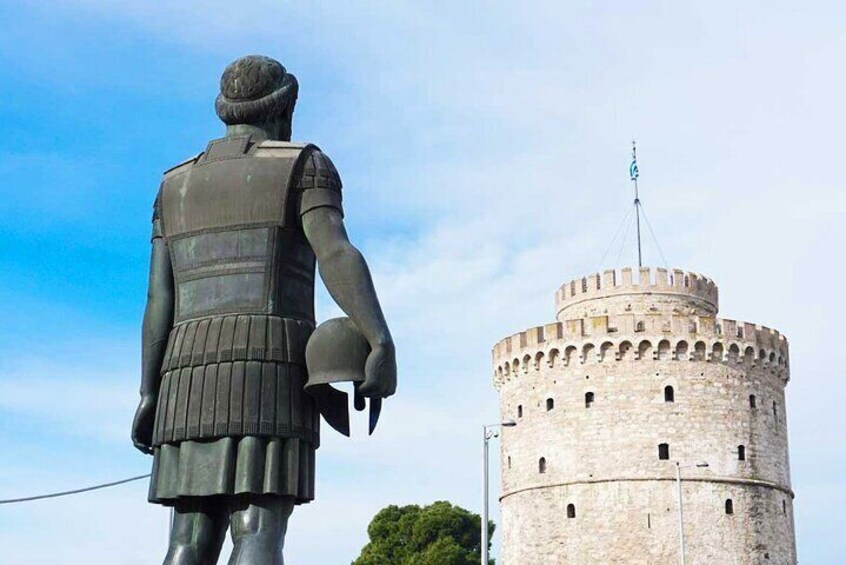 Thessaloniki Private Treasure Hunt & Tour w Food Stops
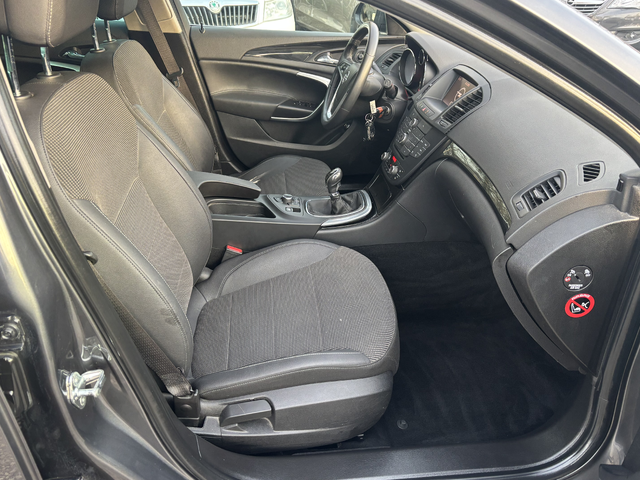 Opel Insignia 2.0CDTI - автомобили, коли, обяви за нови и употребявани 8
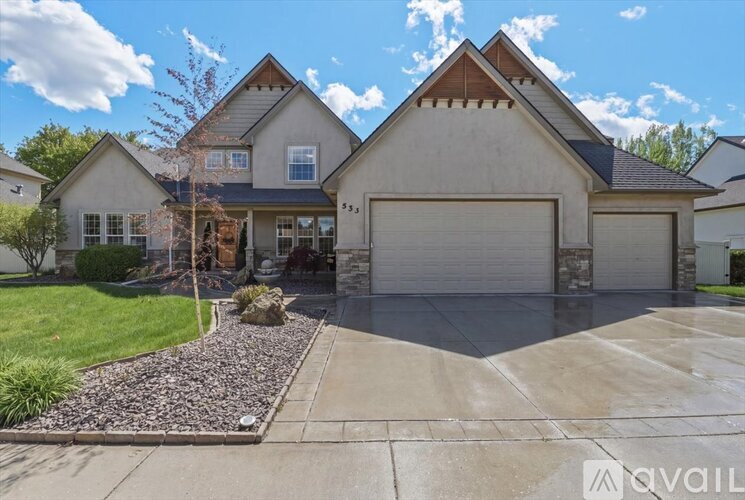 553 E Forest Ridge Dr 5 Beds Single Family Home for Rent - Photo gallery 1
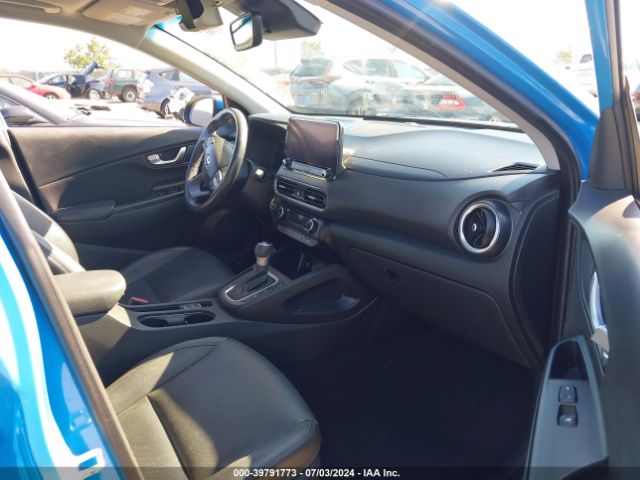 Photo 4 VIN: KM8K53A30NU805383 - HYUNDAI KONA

--

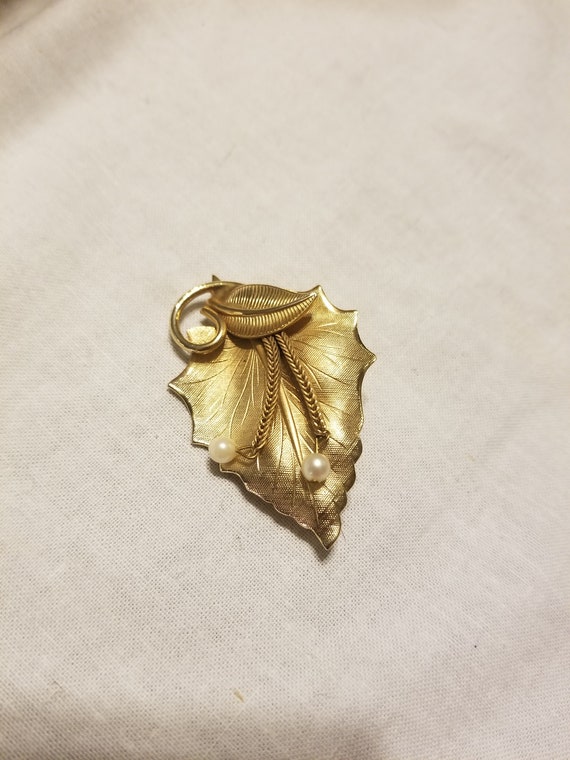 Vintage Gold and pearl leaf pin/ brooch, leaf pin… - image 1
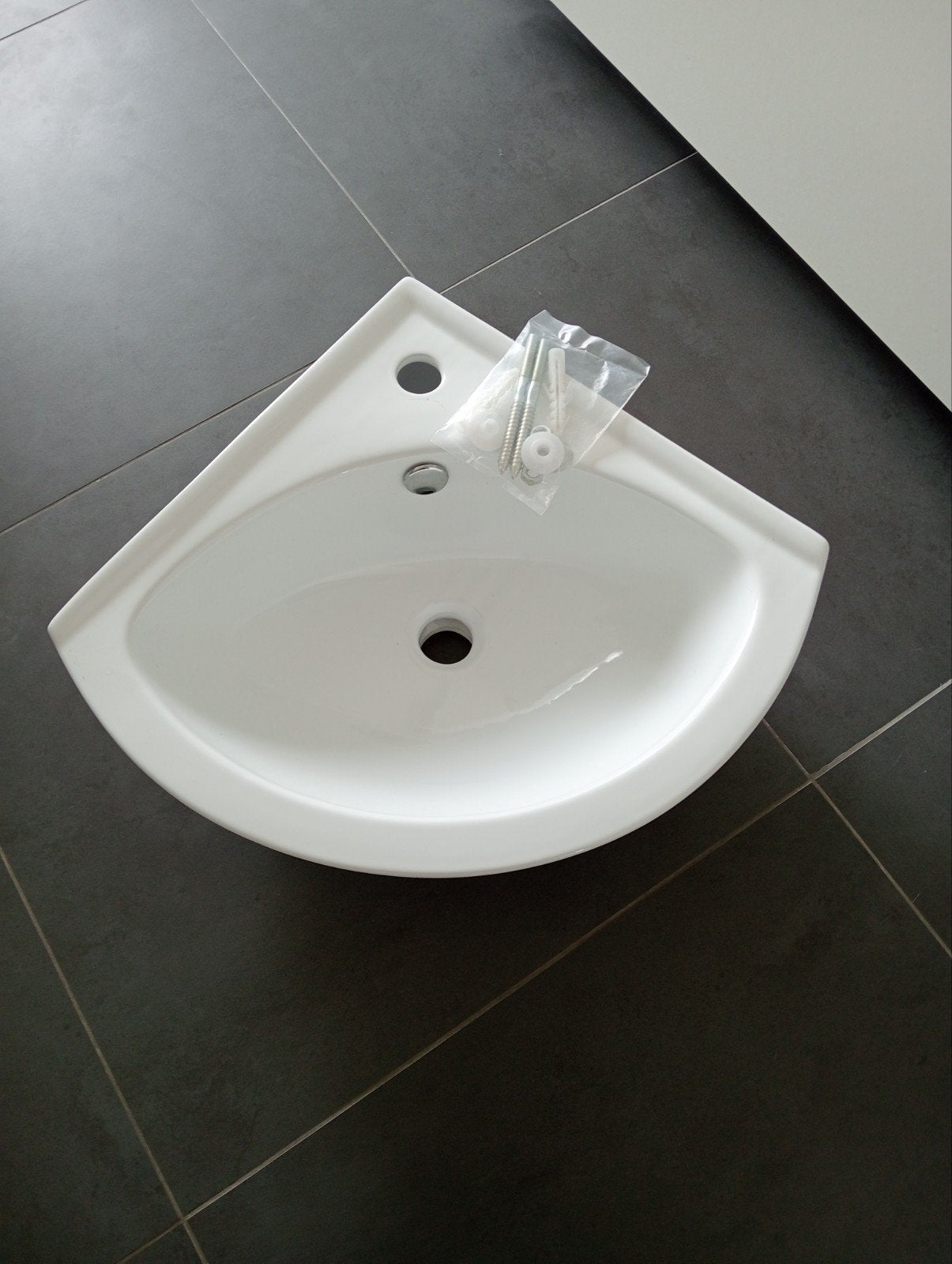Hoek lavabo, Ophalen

* * *

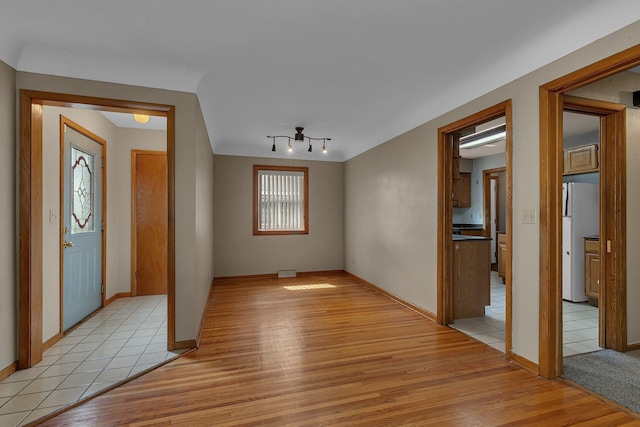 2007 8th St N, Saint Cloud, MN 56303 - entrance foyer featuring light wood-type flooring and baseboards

EXERCISE GOAL -> From the listing above, please give again the lines that begin with the line holding "Thessaloniki Private Treasure" and go on through the line holding "Photo 4 VIN: KM8K53A30NU805383", exactly, both ends included, minus any picture.

RESPONSE AREA ->
 Thessaloniki Private Treasure Hunt & Tour w Food Stops
 Opel Insignia 2.0CDTI - автомобили, коли, обяви за нови и употребявани 8
 553 E Forest Ridge Dr 5 Beds Single Family Home for Rent - Photo gallery 1
 Photo 4 VIN: KM8K53A30NU805383 - HYUNDAI KONA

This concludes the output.